A friend of mine, an attorney, had a couple of
quick questions about Medicare. He will
be turning 65 soon and needed to confirm that he didn’t have to sign up for
Medicare Part B since he plans to stay on his wife’s group health policy. I verified that his wife works for a company
with over 20 employees. So yes, he doesn’t
need Medicare Part B. But, I asked, is
the group plan a High Deductible Health Savings Account (HSA) Qualified Policy
and do you contribute to the HSA? He
confirmed that Yes and Yes. In that’s
case, he must renounce Medicare Part A, too.
You can not contribute to a Health Savings Account if you have
Medicare. In fact, there is a six month
look-back. He didn’t know. And if an attorney
could have accidentally screwed this up, what are the chances that your average
office worker or machinist couldn’t make the same mistake?
Capitol
Conference, the annual opportunity for members
of the National Association of Health Underwriters to hear from members of the
administration and meet with our elected officials, was the last week of
February. Fourteen of us from Northeast
Ohio were part of the audience of over 700 that heard from Seema
Verma the Administrator of the Center of Medicare and Medicaid Services
(CMS).
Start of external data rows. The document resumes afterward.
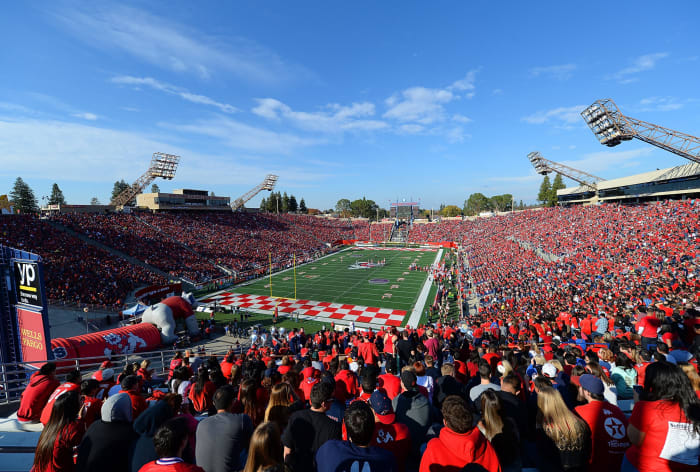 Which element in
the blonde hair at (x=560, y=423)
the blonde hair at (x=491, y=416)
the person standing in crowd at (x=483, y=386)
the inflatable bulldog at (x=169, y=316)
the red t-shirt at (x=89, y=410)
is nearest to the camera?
the blonde hair at (x=560, y=423)

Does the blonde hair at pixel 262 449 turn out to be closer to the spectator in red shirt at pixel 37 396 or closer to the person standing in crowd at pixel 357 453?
the person standing in crowd at pixel 357 453

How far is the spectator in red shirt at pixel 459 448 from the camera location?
7.58 ft

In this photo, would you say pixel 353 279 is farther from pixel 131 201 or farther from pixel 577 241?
pixel 131 201

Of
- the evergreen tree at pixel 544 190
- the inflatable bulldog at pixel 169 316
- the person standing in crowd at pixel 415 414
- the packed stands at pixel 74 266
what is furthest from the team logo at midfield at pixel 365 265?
the evergreen tree at pixel 544 190

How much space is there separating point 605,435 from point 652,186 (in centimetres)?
4843

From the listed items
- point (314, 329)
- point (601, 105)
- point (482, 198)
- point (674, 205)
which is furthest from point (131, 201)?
point (482, 198)

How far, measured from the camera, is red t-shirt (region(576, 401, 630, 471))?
276 cm

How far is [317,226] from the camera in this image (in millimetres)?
74250

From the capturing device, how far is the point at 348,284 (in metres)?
33.4

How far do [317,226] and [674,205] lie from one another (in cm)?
5929

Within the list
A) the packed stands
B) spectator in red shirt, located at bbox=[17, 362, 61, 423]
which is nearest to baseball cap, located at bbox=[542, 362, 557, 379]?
spectator in red shirt, located at bbox=[17, 362, 61, 423]

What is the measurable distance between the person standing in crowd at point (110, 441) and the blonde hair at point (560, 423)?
378 centimetres

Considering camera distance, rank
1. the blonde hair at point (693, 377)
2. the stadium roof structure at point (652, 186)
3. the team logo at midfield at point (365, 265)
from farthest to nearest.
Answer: the team logo at midfield at point (365, 265) → the stadium roof structure at point (652, 186) → the blonde hair at point (693, 377)

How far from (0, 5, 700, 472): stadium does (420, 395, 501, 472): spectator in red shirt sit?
17mm
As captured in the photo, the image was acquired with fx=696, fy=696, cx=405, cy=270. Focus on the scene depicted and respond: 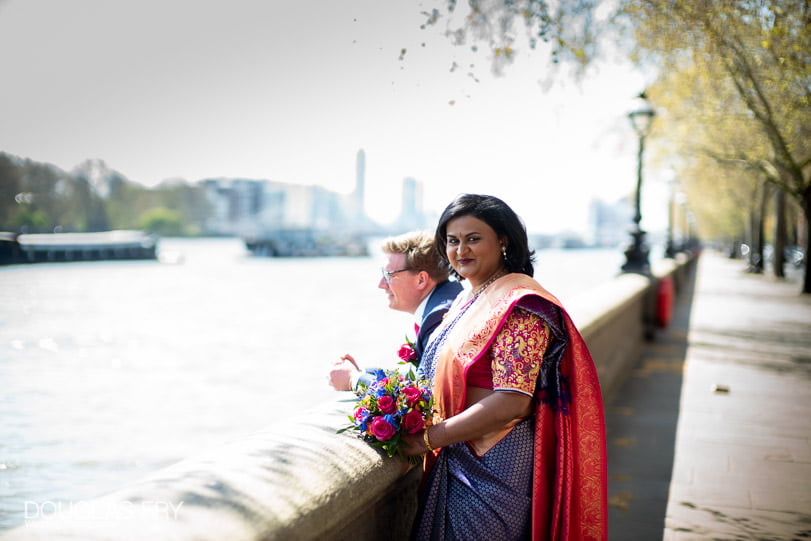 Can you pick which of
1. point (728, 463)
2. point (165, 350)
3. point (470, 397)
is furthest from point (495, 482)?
point (165, 350)

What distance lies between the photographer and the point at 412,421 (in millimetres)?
2281

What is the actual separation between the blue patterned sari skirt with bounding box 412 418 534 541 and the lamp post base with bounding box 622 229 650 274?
41.1 ft

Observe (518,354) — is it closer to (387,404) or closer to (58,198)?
(387,404)

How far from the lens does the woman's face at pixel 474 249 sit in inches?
Result: 94.9

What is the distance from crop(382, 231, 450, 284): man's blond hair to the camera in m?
3.12

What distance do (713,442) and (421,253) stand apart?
14.0 feet

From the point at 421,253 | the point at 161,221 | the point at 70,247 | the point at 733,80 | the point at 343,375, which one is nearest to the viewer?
the point at 343,375

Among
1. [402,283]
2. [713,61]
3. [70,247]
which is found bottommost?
[70,247]

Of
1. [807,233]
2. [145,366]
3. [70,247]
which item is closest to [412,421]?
[807,233]

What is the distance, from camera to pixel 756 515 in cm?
441

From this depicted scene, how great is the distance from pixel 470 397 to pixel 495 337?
0.25 m

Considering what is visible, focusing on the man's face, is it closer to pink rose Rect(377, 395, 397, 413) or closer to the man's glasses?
the man's glasses

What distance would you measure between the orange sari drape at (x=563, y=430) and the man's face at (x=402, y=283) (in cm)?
77

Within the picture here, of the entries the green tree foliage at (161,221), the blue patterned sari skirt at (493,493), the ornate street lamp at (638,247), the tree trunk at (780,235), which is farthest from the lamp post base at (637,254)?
A: the green tree foliage at (161,221) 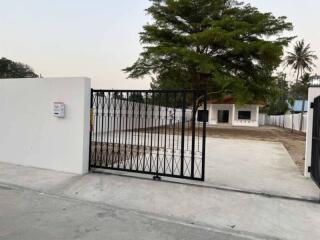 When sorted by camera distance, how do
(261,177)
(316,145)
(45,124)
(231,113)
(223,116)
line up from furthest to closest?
(223,116) < (231,113) < (45,124) < (261,177) < (316,145)

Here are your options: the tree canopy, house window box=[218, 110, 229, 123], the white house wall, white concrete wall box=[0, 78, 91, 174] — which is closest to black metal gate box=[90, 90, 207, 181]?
white concrete wall box=[0, 78, 91, 174]

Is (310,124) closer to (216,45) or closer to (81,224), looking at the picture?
(81,224)

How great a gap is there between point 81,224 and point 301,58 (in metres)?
37.9

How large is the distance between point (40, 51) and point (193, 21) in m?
11.7

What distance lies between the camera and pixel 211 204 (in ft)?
14.3

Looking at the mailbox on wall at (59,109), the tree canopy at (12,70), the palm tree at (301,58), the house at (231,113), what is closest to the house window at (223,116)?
the house at (231,113)

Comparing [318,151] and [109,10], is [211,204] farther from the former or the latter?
[109,10]

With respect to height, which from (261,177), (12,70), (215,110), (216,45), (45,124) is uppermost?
(12,70)

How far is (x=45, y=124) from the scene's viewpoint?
20.9ft

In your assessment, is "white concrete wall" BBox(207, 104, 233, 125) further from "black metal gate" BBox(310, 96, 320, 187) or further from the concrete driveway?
"black metal gate" BBox(310, 96, 320, 187)

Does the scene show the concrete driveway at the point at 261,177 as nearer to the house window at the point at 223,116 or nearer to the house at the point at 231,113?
the house at the point at 231,113

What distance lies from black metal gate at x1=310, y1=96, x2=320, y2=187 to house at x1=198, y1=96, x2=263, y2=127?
27.5 metres

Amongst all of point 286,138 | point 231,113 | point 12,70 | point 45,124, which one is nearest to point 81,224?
point 45,124

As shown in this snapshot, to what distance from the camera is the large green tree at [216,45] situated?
18.1 m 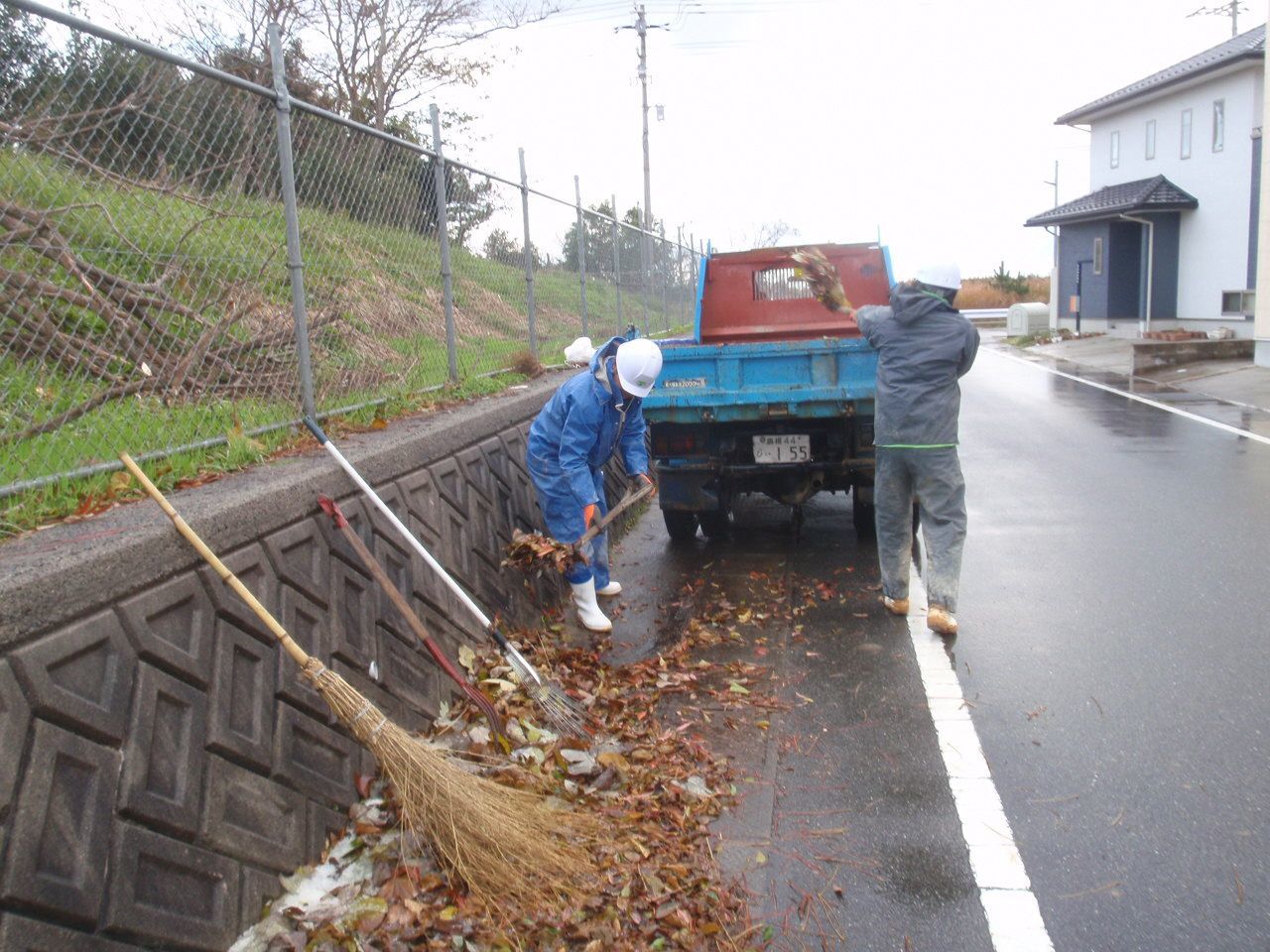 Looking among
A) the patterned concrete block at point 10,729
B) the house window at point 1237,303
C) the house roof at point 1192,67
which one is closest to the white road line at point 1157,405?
the house window at point 1237,303

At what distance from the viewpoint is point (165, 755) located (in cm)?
295

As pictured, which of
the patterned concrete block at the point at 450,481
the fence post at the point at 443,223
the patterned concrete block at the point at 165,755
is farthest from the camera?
the fence post at the point at 443,223

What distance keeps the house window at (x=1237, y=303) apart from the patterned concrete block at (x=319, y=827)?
29292mm

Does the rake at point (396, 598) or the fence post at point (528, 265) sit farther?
the fence post at point (528, 265)

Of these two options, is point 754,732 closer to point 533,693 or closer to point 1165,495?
point 533,693

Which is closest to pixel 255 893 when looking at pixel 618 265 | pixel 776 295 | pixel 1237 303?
pixel 776 295

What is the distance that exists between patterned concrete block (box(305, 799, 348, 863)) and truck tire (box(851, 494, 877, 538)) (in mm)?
5306

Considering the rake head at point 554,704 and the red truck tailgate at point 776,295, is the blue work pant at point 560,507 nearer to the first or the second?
the rake head at point 554,704

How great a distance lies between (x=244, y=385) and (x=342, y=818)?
229 centimetres

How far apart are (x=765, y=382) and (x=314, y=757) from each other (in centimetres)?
460

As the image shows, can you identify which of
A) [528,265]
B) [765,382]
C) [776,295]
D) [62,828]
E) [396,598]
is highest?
[528,265]

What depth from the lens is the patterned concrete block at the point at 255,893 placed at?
3061mm

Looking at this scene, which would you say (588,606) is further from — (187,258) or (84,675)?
(84,675)

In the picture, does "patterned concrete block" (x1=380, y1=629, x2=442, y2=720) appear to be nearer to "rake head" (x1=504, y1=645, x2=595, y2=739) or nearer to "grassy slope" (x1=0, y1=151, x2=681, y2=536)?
"rake head" (x1=504, y1=645, x2=595, y2=739) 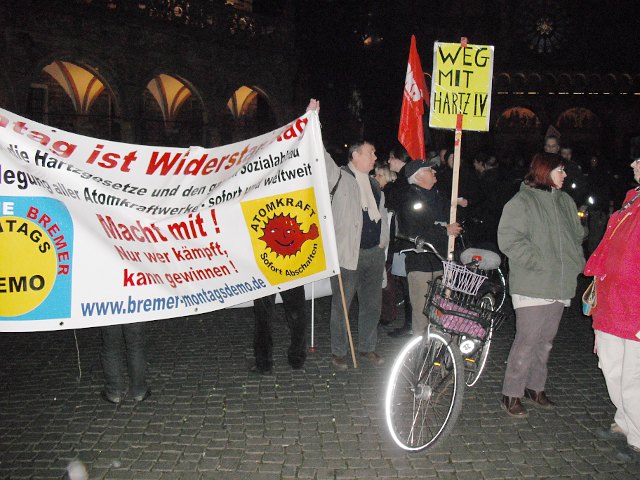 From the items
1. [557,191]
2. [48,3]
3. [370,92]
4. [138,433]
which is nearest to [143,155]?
[138,433]

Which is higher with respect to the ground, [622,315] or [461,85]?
[461,85]

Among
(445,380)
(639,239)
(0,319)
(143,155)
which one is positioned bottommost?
(445,380)

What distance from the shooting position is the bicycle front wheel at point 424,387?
4121mm

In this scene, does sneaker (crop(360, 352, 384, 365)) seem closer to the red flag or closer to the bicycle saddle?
the bicycle saddle

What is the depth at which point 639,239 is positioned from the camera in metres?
4.01

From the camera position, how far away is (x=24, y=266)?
417 centimetres

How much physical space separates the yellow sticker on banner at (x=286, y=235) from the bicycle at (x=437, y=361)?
4.75ft

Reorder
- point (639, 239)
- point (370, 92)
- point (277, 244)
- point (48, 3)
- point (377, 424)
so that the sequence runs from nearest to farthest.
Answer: point (639, 239)
point (377, 424)
point (277, 244)
point (48, 3)
point (370, 92)

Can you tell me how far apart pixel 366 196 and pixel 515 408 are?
7.69 ft

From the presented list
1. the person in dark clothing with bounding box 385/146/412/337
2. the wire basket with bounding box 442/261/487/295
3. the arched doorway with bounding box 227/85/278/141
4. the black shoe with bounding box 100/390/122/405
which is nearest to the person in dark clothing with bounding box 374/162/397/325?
the person in dark clothing with bounding box 385/146/412/337

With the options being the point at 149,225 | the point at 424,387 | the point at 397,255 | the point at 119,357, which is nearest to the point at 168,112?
the point at 397,255

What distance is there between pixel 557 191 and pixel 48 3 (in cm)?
1635

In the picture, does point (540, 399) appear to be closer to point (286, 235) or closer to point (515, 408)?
point (515, 408)

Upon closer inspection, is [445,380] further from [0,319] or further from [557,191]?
[0,319] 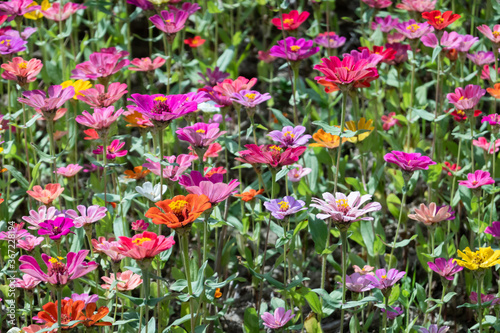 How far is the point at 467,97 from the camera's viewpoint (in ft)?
6.24

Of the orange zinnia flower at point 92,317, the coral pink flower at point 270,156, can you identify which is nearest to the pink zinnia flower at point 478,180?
the coral pink flower at point 270,156

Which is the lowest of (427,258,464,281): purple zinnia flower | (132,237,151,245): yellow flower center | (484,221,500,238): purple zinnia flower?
(427,258,464,281): purple zinnia flower

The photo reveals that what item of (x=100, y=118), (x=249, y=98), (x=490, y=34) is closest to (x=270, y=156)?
(x=249, y=98)

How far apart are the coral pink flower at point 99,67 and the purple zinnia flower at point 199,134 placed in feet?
1.48

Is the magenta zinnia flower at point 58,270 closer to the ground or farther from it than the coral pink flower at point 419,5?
closer to the ground

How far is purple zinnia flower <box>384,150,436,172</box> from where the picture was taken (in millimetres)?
1490

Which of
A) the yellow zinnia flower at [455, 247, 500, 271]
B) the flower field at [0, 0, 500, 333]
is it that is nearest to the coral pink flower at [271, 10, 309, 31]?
the flower field at [0, 0, 500, 333]

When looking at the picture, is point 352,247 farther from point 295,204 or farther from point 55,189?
point 55,189

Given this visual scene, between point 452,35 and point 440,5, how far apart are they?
0.69m

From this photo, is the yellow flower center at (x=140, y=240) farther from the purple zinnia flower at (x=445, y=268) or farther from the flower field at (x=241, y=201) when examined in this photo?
the purple zinnia flower at (x=445, y=268)

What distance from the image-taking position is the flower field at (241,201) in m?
1.38

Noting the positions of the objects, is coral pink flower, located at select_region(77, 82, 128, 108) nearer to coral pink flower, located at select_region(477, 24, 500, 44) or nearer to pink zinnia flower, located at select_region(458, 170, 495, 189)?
pink zinnia flower, located at select_region(458, 170, 495, 189)

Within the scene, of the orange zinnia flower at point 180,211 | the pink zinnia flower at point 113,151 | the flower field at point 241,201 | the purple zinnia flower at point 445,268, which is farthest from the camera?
the pink zinnia flower at point 113,151

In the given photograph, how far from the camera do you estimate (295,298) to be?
1675 millimetres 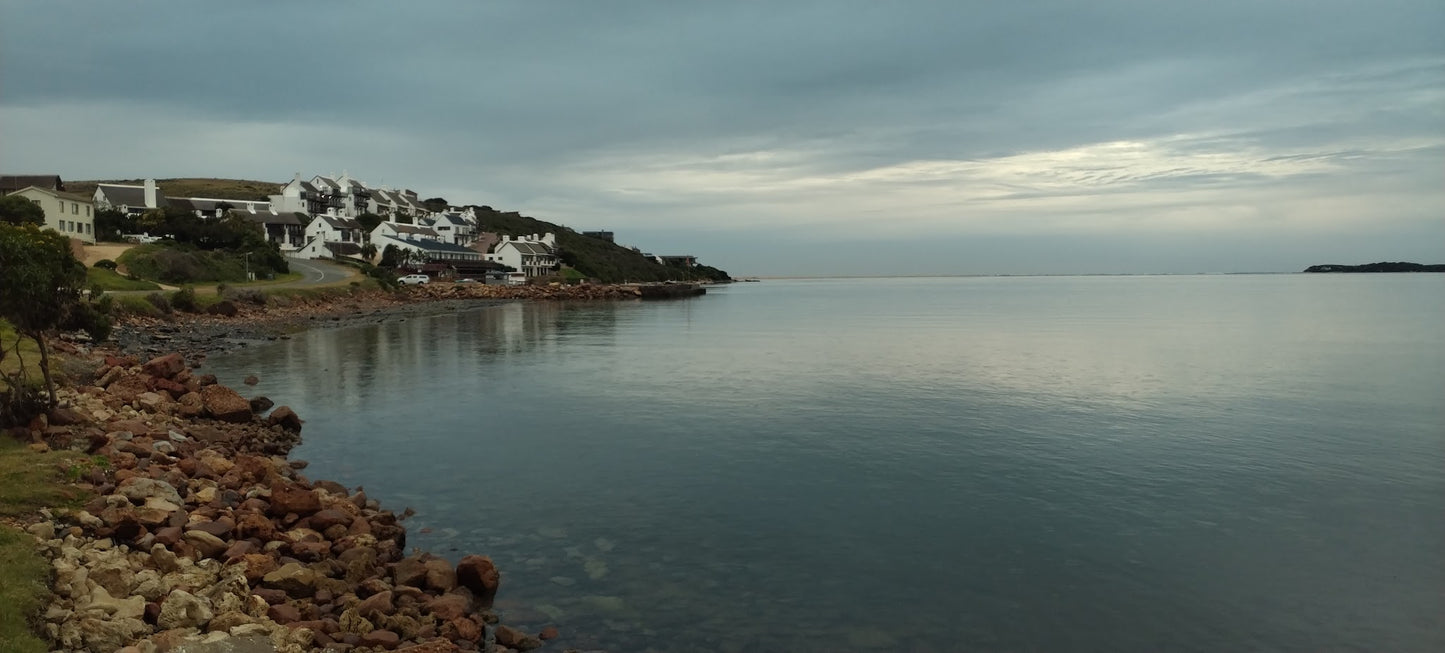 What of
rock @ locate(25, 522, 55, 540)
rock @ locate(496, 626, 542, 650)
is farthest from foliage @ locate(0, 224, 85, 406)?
rock @ locate(496, 626, 542, 650)

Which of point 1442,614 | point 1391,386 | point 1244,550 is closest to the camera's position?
point 1442,614

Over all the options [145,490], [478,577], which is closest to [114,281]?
[145,490]

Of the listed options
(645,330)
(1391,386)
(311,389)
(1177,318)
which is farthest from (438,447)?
(1177,318)

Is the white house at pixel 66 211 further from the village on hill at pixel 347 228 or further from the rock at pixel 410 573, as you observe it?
the rock at pixel 410 573

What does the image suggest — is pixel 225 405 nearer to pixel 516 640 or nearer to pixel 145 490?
pixel 145 490

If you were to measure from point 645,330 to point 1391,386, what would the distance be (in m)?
53.1

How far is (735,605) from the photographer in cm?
1465

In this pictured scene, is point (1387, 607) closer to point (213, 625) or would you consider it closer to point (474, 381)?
point (213, 625)

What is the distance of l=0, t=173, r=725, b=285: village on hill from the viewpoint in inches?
4173

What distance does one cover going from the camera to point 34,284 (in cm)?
1878

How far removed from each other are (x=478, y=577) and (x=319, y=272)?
351ft

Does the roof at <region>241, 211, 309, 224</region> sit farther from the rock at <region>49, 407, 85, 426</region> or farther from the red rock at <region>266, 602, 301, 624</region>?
the red rock at <region>266, 602, 301, 624</region>

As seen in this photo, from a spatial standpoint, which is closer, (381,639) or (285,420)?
(381,639)

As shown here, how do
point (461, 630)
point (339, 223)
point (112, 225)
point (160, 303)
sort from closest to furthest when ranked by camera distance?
point (461, 630), point (160, 303), point (112, 225), point (339, 223)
House members Lauren Underwood (D-IL), Joe
Courtney (D-CT), Greg Walden (R-OR), Kurt
Schrader (D-OR), Adrian Smith (R-NE) as well
as Senator Todd Young (R-IN) shared their
views on pending legislation. The
speeches were interesting, the graphs (!) colorful, but the most important part
of our annual trip to Washington are our scheduled appointments with our
Congressman and Senators.
For many of us, our favorite appointment each
year is with Abby Duggan, Senator Sherrod Brown’s legislative aide. We appreciate that she is well prepared and
that Senator Brown has shown a real
interest in some of our issues. Ms.
Duggan has acknowledged that we come with “Clean Hands”. Our issues – Surprise Billing, Employer
Reporting, and the big Medicare concerns dealing with the Observation Trap,
COBRA as Medicare compliant, and HSA's – have nothing to do with our
incomes. We are here to solve problems,
to represent our clients.
Senator Brown is the sponsor of S. 753 which
would allow observation stays to be counted toward the three day mandatory
inpatient stay for Medicare coverage of a skilled nursing facility. This happens to be one of our priorities.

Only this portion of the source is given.